(Stored data)
-*-*-

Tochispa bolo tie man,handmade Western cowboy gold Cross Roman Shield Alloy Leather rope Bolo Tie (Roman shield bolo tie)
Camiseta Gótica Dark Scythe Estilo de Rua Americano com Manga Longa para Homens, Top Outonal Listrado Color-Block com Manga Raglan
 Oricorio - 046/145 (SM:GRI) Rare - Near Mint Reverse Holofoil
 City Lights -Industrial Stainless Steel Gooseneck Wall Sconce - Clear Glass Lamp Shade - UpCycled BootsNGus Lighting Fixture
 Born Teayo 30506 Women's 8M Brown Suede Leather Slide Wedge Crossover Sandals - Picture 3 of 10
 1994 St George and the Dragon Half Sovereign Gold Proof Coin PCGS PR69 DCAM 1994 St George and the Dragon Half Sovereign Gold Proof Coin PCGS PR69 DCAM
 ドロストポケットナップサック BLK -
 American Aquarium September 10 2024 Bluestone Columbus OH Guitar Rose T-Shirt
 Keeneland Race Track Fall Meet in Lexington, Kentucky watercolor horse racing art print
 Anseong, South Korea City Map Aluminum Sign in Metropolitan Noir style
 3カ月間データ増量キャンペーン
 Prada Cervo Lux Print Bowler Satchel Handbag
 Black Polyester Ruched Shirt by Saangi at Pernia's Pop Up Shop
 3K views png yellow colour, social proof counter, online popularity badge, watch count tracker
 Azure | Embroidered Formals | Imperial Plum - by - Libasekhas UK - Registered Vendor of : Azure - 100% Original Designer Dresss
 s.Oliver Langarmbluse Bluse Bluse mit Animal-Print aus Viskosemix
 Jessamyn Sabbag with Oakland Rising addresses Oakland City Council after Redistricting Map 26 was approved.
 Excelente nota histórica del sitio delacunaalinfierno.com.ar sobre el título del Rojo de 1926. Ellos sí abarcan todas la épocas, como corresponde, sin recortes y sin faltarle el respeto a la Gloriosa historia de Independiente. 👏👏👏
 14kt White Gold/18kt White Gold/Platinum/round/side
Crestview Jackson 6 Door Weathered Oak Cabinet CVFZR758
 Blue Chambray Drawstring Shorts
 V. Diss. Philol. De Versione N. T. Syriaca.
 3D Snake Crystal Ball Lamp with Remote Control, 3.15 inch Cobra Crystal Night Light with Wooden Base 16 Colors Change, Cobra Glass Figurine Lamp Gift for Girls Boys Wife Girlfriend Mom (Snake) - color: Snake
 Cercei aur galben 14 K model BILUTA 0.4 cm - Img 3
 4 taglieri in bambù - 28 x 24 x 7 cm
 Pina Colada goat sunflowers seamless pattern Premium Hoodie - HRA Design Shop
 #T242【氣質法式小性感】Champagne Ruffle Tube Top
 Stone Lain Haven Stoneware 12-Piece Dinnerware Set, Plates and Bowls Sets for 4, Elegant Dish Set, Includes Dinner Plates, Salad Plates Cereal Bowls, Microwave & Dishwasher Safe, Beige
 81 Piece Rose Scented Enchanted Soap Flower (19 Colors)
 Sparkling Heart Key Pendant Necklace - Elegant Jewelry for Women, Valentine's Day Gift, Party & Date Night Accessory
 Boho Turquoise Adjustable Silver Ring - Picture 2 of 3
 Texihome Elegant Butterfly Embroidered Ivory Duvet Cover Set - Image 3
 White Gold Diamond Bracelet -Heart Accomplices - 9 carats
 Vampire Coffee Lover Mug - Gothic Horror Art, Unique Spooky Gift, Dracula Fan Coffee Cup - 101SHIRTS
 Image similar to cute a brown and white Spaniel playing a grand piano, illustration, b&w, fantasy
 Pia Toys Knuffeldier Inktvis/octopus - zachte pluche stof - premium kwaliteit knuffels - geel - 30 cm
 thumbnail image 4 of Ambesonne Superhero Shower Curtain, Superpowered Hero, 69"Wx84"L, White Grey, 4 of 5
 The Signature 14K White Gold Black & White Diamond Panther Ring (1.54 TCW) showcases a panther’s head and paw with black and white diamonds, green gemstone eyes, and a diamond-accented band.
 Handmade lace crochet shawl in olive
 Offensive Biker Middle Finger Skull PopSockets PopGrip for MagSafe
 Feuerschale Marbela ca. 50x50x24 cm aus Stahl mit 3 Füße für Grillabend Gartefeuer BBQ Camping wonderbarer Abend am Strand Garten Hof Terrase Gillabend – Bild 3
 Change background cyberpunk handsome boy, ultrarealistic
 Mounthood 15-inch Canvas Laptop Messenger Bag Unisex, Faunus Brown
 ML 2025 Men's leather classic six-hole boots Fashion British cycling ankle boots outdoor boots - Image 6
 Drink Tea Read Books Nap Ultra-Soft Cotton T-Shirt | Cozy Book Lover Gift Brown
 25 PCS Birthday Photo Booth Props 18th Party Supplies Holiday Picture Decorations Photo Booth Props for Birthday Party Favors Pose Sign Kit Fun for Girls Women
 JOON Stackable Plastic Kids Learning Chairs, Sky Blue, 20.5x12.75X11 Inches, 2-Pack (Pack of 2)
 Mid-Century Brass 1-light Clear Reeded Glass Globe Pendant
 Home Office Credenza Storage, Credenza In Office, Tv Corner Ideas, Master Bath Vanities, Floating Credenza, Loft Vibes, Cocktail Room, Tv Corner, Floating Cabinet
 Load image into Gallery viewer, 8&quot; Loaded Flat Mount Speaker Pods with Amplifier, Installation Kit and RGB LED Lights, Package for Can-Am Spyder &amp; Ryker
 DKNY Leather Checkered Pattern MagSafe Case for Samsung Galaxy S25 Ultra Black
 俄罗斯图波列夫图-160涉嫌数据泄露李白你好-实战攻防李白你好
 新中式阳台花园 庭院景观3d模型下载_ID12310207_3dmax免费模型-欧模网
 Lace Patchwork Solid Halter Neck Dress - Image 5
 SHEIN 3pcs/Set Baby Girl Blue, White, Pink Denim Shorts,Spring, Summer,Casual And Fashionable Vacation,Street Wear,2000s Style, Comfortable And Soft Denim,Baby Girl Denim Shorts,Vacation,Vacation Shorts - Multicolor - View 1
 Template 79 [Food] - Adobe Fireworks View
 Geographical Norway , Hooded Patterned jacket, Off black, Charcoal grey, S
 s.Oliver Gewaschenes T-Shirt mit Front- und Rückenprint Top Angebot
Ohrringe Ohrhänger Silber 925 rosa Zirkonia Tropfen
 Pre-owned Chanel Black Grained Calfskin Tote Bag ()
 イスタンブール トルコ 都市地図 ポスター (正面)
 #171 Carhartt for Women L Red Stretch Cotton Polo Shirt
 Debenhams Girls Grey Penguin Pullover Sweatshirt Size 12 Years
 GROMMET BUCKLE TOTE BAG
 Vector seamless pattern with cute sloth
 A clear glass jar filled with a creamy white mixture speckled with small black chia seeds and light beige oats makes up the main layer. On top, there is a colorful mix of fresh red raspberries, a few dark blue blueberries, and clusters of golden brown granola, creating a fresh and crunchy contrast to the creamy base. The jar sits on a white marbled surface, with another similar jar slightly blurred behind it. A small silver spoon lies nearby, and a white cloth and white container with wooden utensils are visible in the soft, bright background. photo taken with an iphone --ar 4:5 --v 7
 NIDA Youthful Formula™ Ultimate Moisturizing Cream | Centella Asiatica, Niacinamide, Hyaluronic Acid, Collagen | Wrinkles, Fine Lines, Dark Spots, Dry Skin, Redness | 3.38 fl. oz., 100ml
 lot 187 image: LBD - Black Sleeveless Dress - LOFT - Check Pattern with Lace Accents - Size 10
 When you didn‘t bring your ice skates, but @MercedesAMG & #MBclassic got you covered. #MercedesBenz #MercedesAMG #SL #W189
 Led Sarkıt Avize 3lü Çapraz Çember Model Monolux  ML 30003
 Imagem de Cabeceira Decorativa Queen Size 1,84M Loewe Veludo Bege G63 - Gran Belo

-*-*-

Task objective ::
Using the entries, return every line where the word "Size" can be found.

Task solution ::
 Debenhams Girls Grey Penguin Pullover Sweatshirt Size 12 Years
 lot 187 image: LBD - Black Sleeveless Dress - LOFT - Check Pattern with Lace Accents - Size 10
 Imagem de Cabeceira Decorativa Queen Size 1,84M Loewe Veludo Bege G63 - Gran Belo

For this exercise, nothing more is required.